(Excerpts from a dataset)
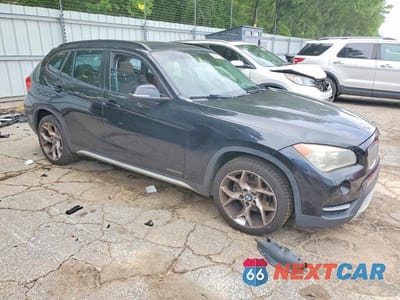 Czwarte zdjęcie samochodu z boku: 2013 BMW X1 SDRIVE28I VIN:WBAVM1C57DVL64316 - miniatura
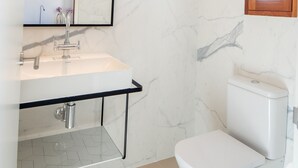 A modern bathroom with a marble wall, a white sink, a toilet, and a wooden-framed window.
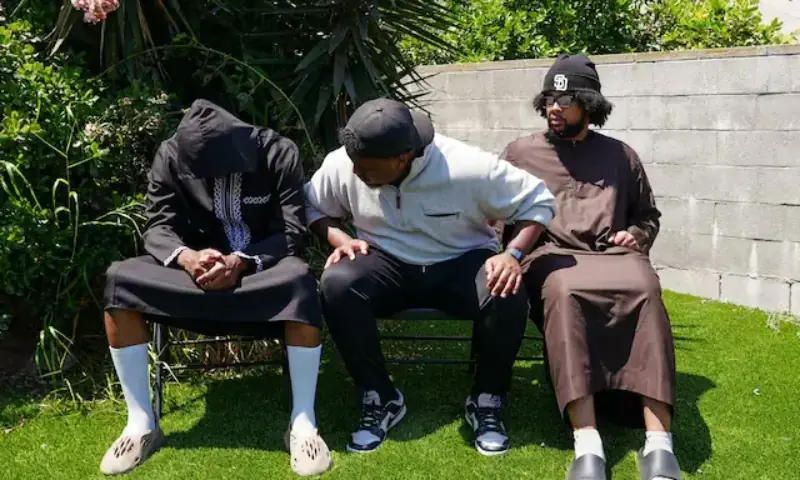 Jibril Abdullah, Mohammed Abdullah and Khalid Abdullah, sons of security guard Amin Abdullah, who was killed in a shooting incident. -- Reuters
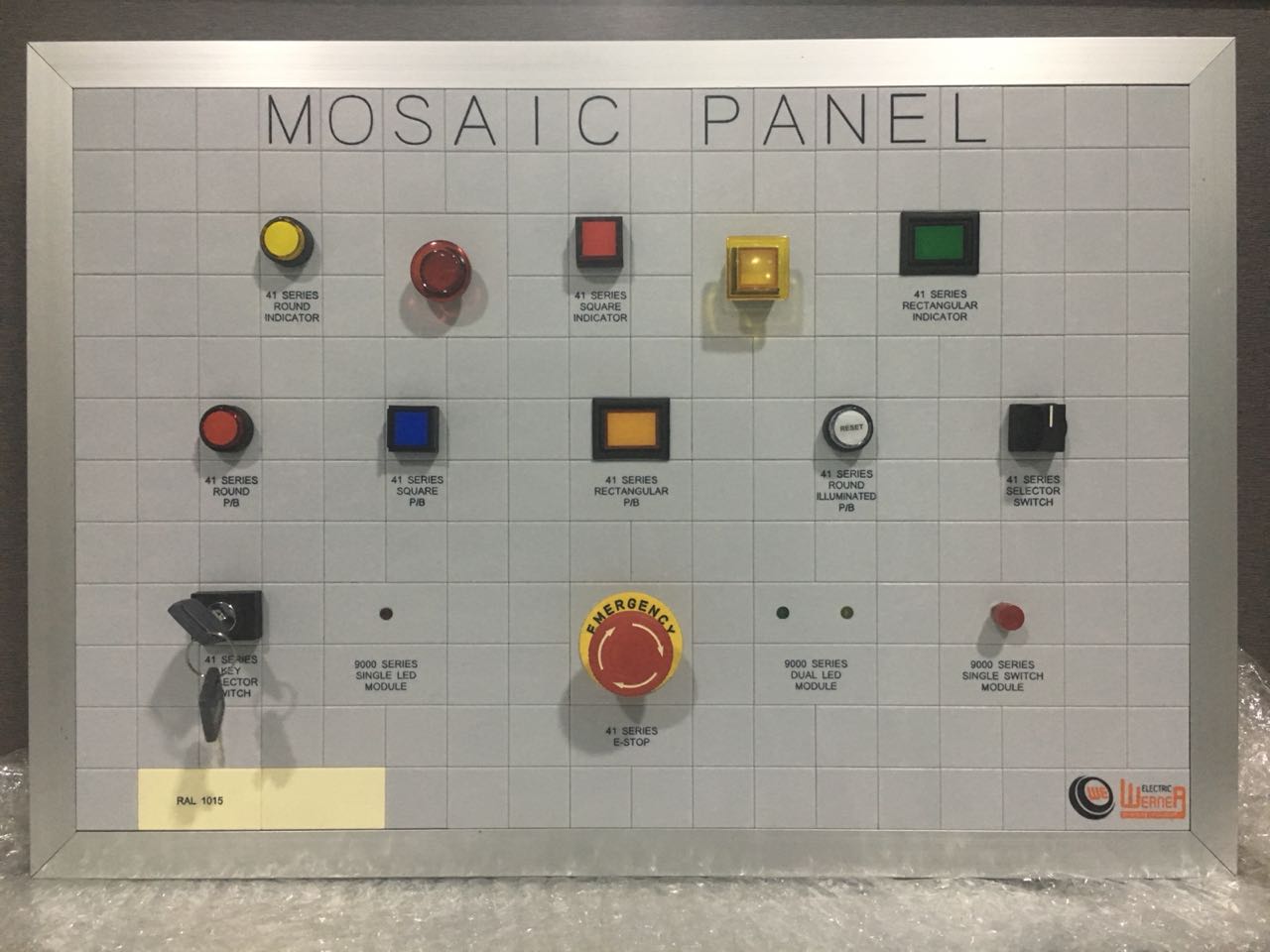 90 Series mosaic panel — demo board with rectangular / round pilot lights, selector switches, key switch, module blocks and an E-stop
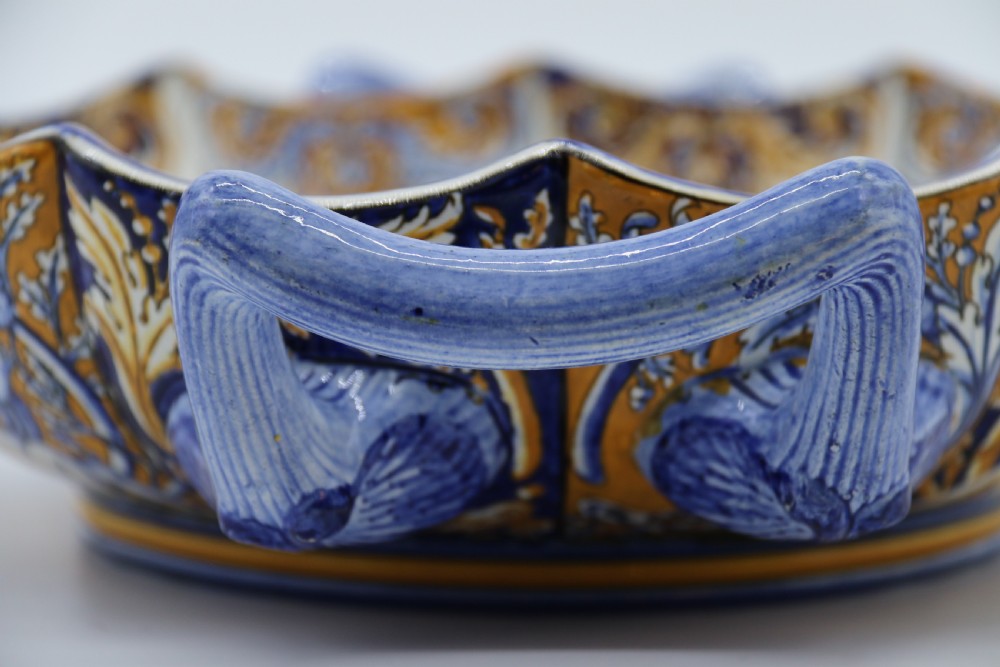 A hand-painted French Gien faience earthenware centrepiece dish with twin handles, decorated in cobalt blue and yellow mythological figures and acanthus scrollwork. View XIII
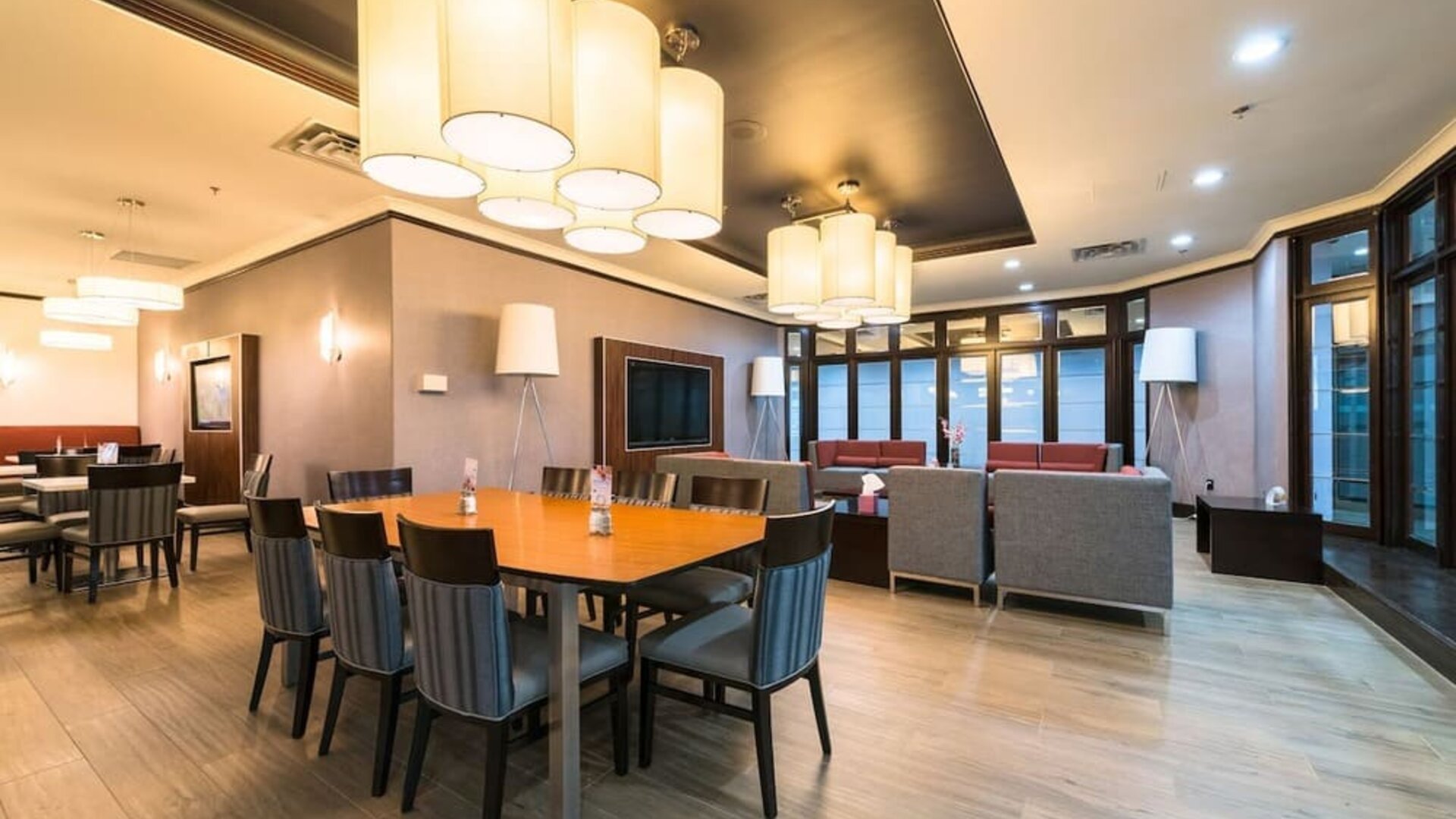 Restaurant and lounge seating area with modern décor at Holiday Inn Express Edmonton Downtown, an IHG Hotel.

EXERCISE:
Would you restate word for word only the lines from the line with "Jibril Abdullah, Mohammed" to the last line above, with the pictures left out?

RESULT BELOW:
 Jibril Abdullah, Mohammed Abdullah and Khalid Abdullah, sons of security guard Amin Abdullah, who was killed in a shooting incident. -- Reuters
 90 Series mosaic panel — demo board with rectangular / round pilot lights, selector switches, key switch, module blocks and an E-stop
 A hand-painted French Gien faience earthenware centrepiece dish with twin handles, decorated in cobalt blue and yellow mythological figures and acanthus scrollwork. View XIII
 Restaurant and lounge seating area with modern décor at Holiday Inn Express Edmonton Downtown, an IHG Hotel.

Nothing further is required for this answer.